BYNER: Okay. You may be aware that in Adelaide now we're having quite a controversy about an Adelaide Oval redevelopment and its cost. We recently heard that the cost to get what we want is going to be at least $700 million plus, but we've only got about $530, $540 million. Might you have a mind to put in, to help us get this development to a standard to which we aspire?

PM: Leon I'm obviously very, very fond of Adelaide, it's my home town and it's where my family still lives, but I'm also a Prime Minister who's very focussed on making sure that the budget returns to surplus in 2013. So Leon, you'll have to excuse me if I decline your invitation to make a commitment worth hundreds of millions of dollars on your show.

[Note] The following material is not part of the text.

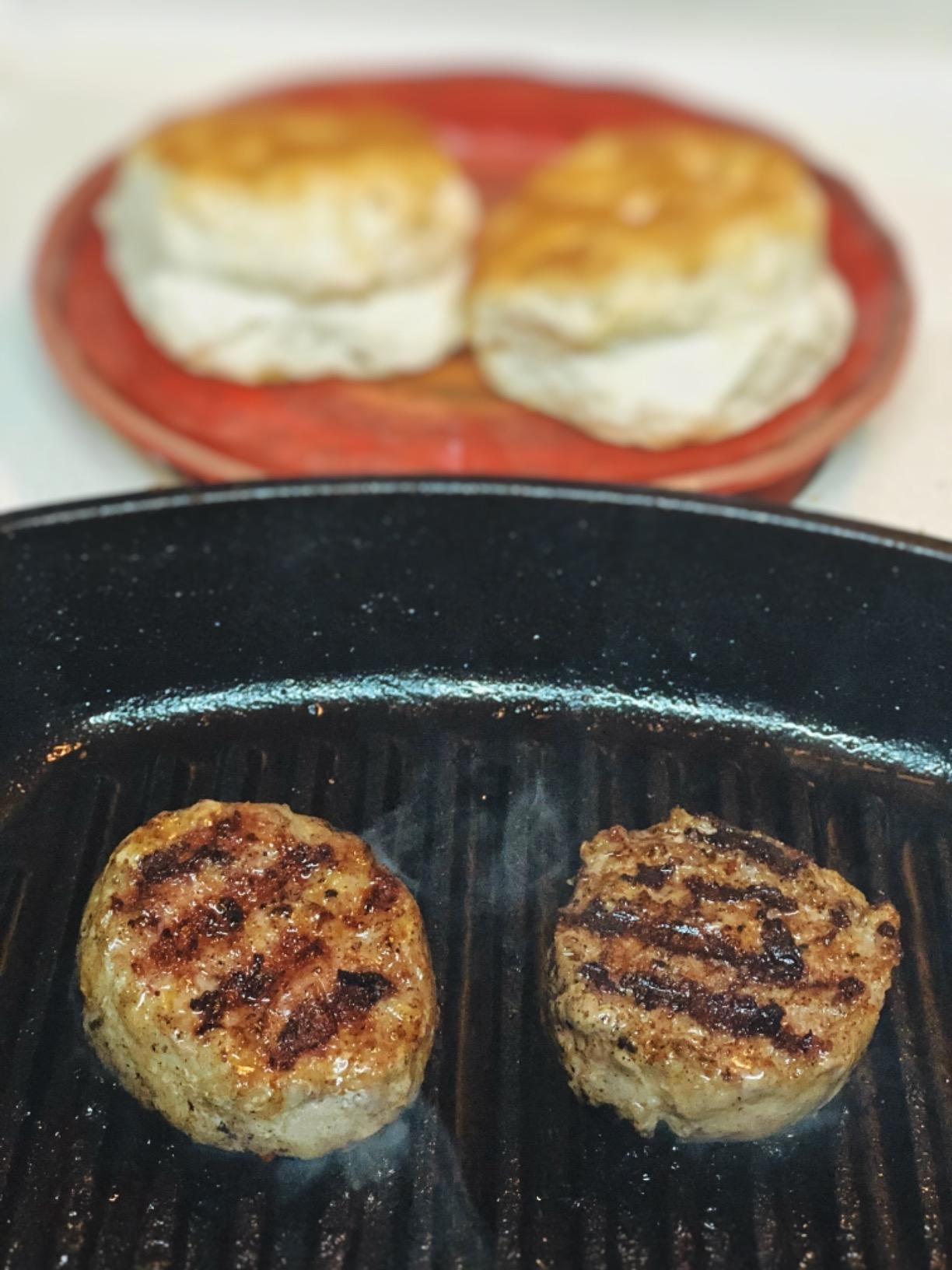 Lodge Pre-Seasoned Cast Iron Square Grill Pan, 10.5 Inches customer photo 1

You know, obviously, I'm, you know, open to ideas and discussions but, you know, I want to run a Government that is very prudent about the budget and focussed on the dollars and the cents.

BYNER: Okay, when are we going to the polls?

PM: Leon, an election is due in the second half of this year, that's the ordinary time for an election. So I'm not going to nominate election day. You know, my focus now is on delivering good, steady, stable Government and the election will be held in the second half of the year which is the normal cycle and when it's due.

BYNER: Prime Minister, thank you for joining us today.

PM: Thanks Leon.

BYNER: My hope is, I mean you are regarded by many as one of the best Parliamentary performers and if you like question-answerers in the media, I like specifics, we tend to try and get some of those from you, I know you don't disagree with that because that's what we're here for, the hope is that you can do as Prime Minister, what you are able to do in the Parliament.

PM: Well Leon I'll be aiming whether I'm in the Parliament or elsewhere around the country, I'll be aiming to do my best.

BYNER: Julia Gillard, the Prime Minister.